Leave out the pictures and restate the rest of the data exactly.

- - - - -

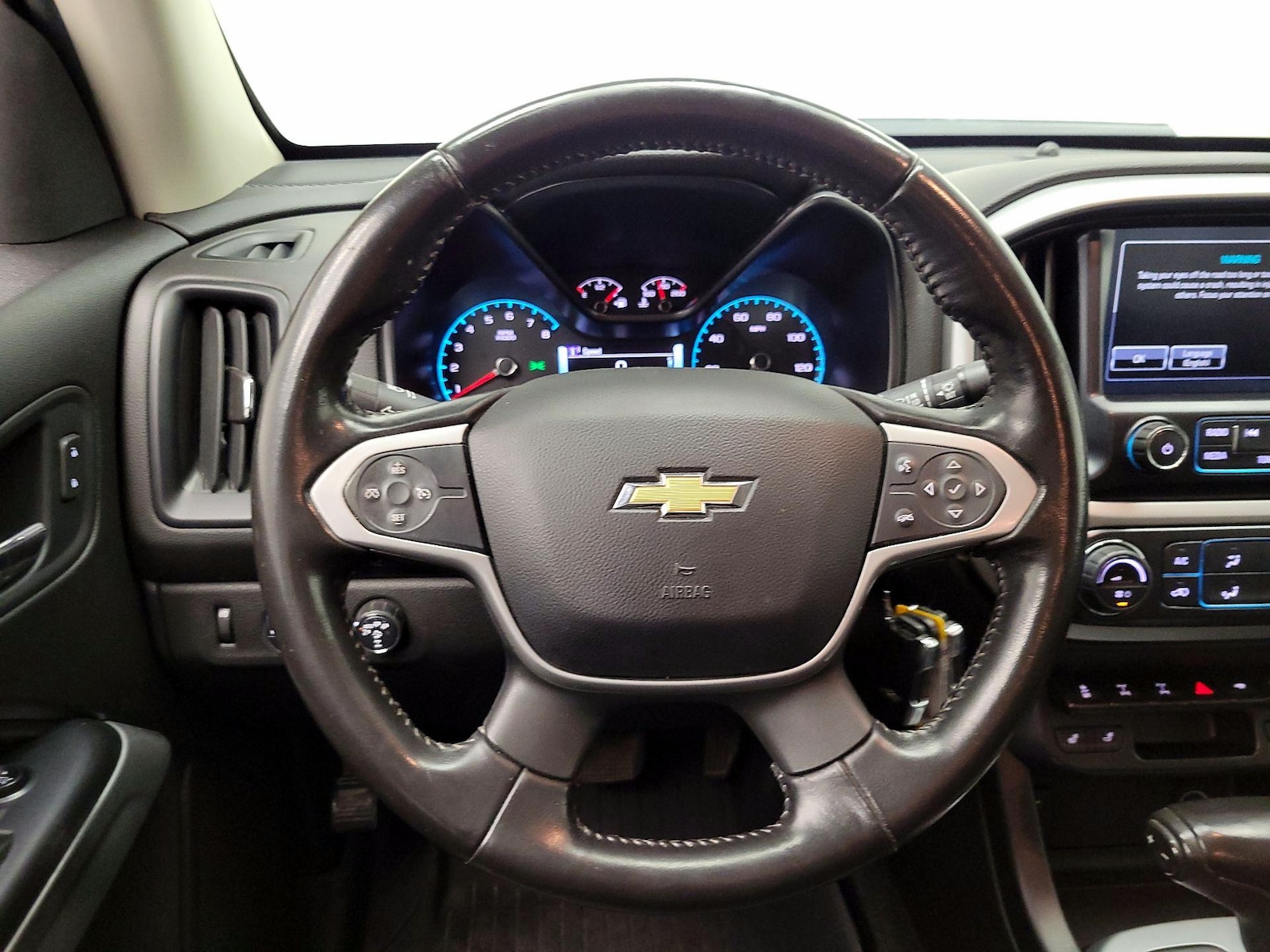 2018 Chevrolet Colorado ZR2 - Photo 11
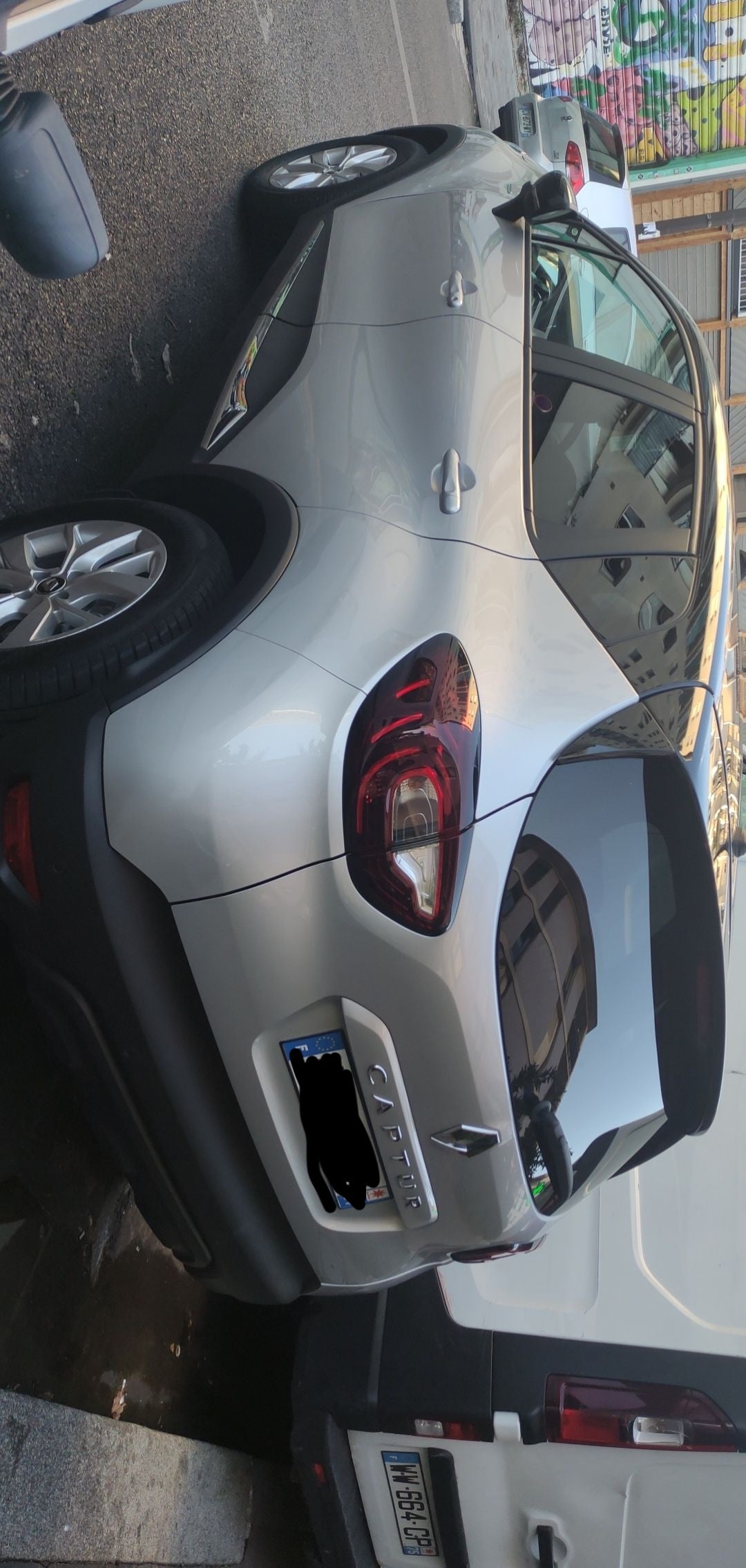 Renault Captur avec Climatisation
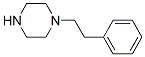 1-[(1S)-Phenylethyl]piperazine结构式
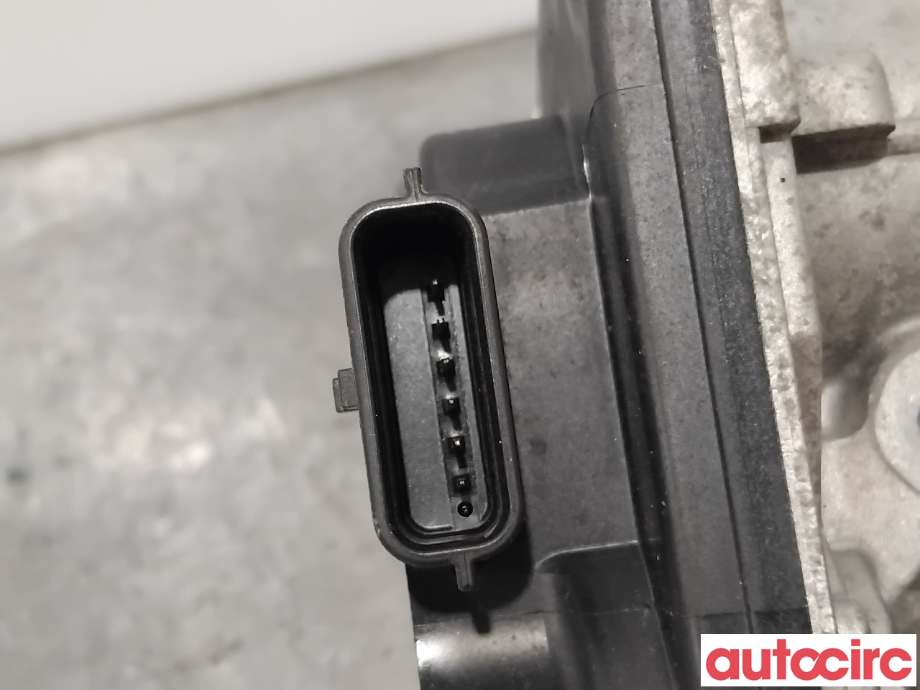 Spjeldhus til Subaru Impreza 2008-2012 (Type III) (SUBARU|16112AA220|)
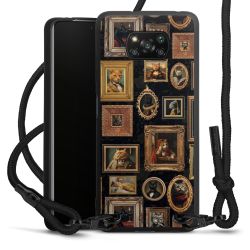 New Carry Case Black Line Stoff schwarz/mattschwarz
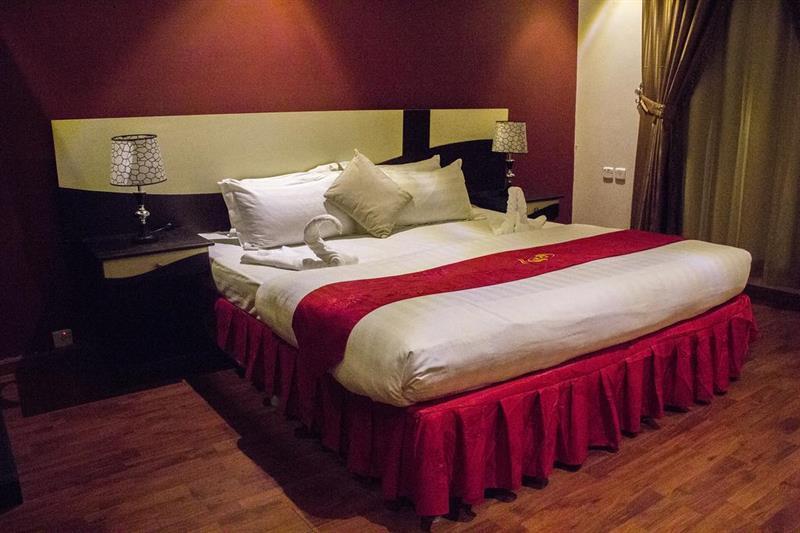 Merfal Hotel Apartments Al Taawan Riyadh Ngoại thất bức ảnh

- - - - -

TASK OUTPUT:
 2018 Chevrolet Colorado ZR2 - Photo 11
 Renault Captur avec Climatisation
 1-[(1S)-Phenylethyl]piperazine结构式
 Spjeldhus til Subaru Impreza 2008-2012 (Type III) (SUBARU|16112AA220|)
 New Carry Case Black Line Stoff schwarz/mattschwarz
 Merfal Hotel Apartments Al Taawan Riyadh Ngoại thất bức ảnh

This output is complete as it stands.